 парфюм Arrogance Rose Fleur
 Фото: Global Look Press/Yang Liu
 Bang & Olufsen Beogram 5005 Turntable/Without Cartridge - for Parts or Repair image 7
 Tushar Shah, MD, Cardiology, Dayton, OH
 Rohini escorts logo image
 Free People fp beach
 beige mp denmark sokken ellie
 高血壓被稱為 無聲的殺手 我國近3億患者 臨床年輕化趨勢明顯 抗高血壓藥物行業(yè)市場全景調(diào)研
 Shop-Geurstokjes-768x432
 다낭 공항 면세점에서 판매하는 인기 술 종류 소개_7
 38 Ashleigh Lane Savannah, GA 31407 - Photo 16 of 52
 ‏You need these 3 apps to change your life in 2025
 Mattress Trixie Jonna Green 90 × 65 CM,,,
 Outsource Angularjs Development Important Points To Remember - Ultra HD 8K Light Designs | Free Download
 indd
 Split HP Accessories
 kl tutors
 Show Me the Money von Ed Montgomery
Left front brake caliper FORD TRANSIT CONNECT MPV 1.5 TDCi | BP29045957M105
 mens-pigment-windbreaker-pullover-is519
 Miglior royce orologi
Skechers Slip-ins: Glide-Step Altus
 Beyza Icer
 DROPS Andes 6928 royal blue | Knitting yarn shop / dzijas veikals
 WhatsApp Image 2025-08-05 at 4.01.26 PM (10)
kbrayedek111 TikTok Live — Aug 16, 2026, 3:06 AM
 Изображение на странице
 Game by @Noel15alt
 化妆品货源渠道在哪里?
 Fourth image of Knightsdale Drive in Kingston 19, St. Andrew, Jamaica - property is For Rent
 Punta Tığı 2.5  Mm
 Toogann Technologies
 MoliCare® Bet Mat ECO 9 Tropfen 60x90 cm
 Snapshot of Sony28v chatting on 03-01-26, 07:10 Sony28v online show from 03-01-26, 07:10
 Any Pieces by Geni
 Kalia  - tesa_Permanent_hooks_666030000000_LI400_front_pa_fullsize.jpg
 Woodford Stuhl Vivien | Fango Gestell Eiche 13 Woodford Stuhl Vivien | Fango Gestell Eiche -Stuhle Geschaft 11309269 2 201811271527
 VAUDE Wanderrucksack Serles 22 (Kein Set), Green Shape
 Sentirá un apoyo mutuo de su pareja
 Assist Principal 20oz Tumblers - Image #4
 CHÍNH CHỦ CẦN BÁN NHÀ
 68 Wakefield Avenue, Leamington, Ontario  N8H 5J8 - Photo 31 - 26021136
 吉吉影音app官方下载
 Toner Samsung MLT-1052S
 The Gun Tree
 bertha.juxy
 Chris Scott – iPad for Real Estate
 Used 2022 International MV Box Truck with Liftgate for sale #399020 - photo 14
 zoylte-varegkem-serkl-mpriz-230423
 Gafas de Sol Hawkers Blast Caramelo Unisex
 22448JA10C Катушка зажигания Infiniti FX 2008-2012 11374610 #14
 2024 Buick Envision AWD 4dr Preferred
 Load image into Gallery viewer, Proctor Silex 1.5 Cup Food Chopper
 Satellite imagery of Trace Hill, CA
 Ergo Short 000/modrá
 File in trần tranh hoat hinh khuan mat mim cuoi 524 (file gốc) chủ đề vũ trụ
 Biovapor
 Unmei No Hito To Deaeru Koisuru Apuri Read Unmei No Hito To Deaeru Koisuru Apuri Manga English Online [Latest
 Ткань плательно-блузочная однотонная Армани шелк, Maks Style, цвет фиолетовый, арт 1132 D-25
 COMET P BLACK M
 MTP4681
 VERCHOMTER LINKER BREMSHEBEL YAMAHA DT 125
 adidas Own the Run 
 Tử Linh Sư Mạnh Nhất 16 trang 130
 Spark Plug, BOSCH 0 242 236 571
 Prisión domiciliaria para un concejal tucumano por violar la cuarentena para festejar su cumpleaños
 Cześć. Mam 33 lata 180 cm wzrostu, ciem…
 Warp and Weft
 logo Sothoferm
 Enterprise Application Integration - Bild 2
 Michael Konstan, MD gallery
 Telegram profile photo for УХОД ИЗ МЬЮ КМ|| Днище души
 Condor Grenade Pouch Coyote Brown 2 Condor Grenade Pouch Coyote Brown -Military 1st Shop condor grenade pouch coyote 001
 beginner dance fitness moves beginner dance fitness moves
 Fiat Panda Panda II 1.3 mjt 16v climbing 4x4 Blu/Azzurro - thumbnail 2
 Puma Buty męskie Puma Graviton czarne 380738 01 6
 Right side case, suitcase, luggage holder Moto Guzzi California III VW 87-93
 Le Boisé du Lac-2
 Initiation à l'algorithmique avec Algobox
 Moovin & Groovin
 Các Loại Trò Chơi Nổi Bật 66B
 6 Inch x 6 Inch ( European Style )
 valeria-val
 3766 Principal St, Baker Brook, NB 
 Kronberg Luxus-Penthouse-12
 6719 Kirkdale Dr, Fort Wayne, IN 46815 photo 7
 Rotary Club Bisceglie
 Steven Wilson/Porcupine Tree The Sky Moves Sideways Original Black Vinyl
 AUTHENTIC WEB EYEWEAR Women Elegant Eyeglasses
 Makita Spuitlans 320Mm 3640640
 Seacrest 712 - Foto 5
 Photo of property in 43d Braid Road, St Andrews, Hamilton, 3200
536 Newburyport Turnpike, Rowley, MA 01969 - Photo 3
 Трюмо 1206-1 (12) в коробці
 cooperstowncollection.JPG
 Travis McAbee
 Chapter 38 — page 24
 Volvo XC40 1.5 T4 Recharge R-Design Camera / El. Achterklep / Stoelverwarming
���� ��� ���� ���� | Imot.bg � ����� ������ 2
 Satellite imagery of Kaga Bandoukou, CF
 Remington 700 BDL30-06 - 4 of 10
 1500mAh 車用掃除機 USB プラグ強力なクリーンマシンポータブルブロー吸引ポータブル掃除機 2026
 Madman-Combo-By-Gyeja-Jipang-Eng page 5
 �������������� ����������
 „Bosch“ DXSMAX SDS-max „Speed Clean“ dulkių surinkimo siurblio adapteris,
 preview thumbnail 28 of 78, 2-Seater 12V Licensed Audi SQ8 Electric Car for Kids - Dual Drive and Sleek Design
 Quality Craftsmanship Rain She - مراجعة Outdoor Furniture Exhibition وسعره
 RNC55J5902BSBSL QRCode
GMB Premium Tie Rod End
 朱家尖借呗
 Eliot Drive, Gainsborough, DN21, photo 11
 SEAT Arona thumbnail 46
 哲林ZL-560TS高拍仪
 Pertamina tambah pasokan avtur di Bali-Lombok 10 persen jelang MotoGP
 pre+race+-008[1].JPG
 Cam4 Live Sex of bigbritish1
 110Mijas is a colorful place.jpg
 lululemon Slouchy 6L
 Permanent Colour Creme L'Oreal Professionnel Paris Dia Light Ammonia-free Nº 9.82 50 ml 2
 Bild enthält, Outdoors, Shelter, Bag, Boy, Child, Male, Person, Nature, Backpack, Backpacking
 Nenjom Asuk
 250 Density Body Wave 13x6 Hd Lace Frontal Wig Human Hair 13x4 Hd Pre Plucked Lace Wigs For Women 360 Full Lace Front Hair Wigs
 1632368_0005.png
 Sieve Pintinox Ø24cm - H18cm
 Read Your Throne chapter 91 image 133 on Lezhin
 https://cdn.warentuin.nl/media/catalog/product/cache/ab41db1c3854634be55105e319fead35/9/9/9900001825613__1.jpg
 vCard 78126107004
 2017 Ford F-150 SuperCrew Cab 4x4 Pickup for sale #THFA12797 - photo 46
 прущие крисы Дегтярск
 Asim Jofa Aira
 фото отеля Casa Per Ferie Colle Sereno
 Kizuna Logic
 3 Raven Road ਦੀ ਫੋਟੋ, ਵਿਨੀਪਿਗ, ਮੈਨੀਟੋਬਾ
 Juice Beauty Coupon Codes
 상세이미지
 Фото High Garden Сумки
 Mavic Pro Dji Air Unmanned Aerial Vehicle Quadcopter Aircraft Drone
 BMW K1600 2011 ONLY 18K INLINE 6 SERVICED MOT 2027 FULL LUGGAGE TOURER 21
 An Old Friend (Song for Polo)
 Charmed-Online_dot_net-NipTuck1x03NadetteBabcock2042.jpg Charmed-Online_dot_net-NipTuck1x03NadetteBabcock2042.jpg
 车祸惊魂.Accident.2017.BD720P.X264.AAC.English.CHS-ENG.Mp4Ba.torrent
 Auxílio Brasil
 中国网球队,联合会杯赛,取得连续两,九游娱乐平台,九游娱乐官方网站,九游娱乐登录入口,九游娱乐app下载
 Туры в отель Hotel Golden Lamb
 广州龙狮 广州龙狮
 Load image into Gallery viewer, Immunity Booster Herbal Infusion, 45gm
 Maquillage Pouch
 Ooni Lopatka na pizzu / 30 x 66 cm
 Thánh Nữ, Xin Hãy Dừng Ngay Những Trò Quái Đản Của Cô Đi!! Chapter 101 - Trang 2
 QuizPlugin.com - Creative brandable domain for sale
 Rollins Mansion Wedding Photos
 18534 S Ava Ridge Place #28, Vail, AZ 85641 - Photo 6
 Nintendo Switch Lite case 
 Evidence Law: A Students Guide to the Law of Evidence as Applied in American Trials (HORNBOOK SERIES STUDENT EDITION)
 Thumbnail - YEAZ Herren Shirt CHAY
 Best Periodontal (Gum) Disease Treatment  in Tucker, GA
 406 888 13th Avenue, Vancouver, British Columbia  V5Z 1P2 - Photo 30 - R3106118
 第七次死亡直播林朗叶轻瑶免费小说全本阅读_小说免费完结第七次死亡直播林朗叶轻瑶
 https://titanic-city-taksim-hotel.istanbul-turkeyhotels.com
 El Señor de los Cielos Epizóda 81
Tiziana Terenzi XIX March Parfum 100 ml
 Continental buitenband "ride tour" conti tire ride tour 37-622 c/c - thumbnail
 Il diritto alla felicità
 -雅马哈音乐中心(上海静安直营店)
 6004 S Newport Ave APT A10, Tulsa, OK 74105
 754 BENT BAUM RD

---

• **Instructions to follow**: Go to the line in the material above that contains "File in trần" and copy exactly from there through the line that contains "Remington 700 BDL30-06 - 4 of 10", stopping after it.

• **Task answer**:
 File in trần tranh hoat hinh khuan mat mim cuoi 524 (file gốc) chủ đề vũ trụ
 Biovapor
 Unmei No Hito To Deaeru Koisuru Apuri Read Unmei No Hito To Deaeru Koisuru Apuri Manga English Online [Latest
 Ткань плательно-блузочная однотонная Армани шелк, Maks Style, цвет фиолетовый, арт 1132 D-25
 COMET P BLACK M
 MTP4681
 VERCHOMTER LINKER BREMSHEBEL YAMAHA DT 125
 adidas Own the Run 
 Tử Linh Sư Mạnh Nhất 16 trang 130
 Spark Plug, BOSCH 0 242 236 571
 Prisión domiciliaria para un concejal tucumano por violar la cuarentena para festejar su cumpleaños
 Cześć. Mam 33 lata 180 cm wzrostu, ciem…
 Warp and Weft
 logo Sothoferm
 Enterprise Application Integration - Bild 2
 Michael Konstan, MD gallery
 Telegram profile photo for УХОД ИЗ МЬЮ КМ|| Днище души
 Condor Grenade Pouch Coyote Brown 2 Condor Grenade Pouch Coyote Brown -Military 1st Shop condor grenade pouch coyote 001
 beginner dance fitness moves beginner dance fitness moves
 Fiat Panda Panda II 1.3 mjt 16v climbing 4x4 Blu/Azzurro - thumbnail 2
 Puma Buty męskie Puma Graviton czarne 380738 01 6
 Right side case, suitcase, luggage holder Moto Guzzi California III VW 87-93
 Le Boisé du Lac-2
 Initiation à l'algorithmique avec Algobox
 Moovin & Groovin
 Các Loại Trò Chơi Nổi Bật 66B
 6 Inch x 6 Inch ( European Style )
 valeria-val
 3766 Principal St, Baker Brook, NB 
 Kronberg Luxus-Penthouse-12
 6719 Kirkdale Dr, Fort Wayne, IN 46815 photo 7
 Rotary Club Bisceglie
 Steven Wilson/Porcupine Tree The Sky Moves Sideways Original Black Vinyl
 AUTHENTIC WEB EYEWEAR Women Elegant Eyeglasses
 Makita Spuitlans 320Mm 3640640
 Seacrest 712 - Foto 5
 Photo of property in 43d Braid Road, St Andrews, Hamilton, 3200
536 Newburyport Turnpike, Rowley, MA 01969 - Photo 3
 Трюмо 1206-1 (12) в коробці
 cooperstowncollection.JPG
 Travis McAbee
 Chapter 38 — page 24
 Volvo XC40 1.5 T4 Recharge R-Design Camera / El. Achterklep / Stoelverwarming
���� ��� ���� ���� | Imot.bg � ����� ������ 2
 Satellite imagery of Kaga Bandoukou, CF
 Remington 700 BDL30-06 - 4 of 10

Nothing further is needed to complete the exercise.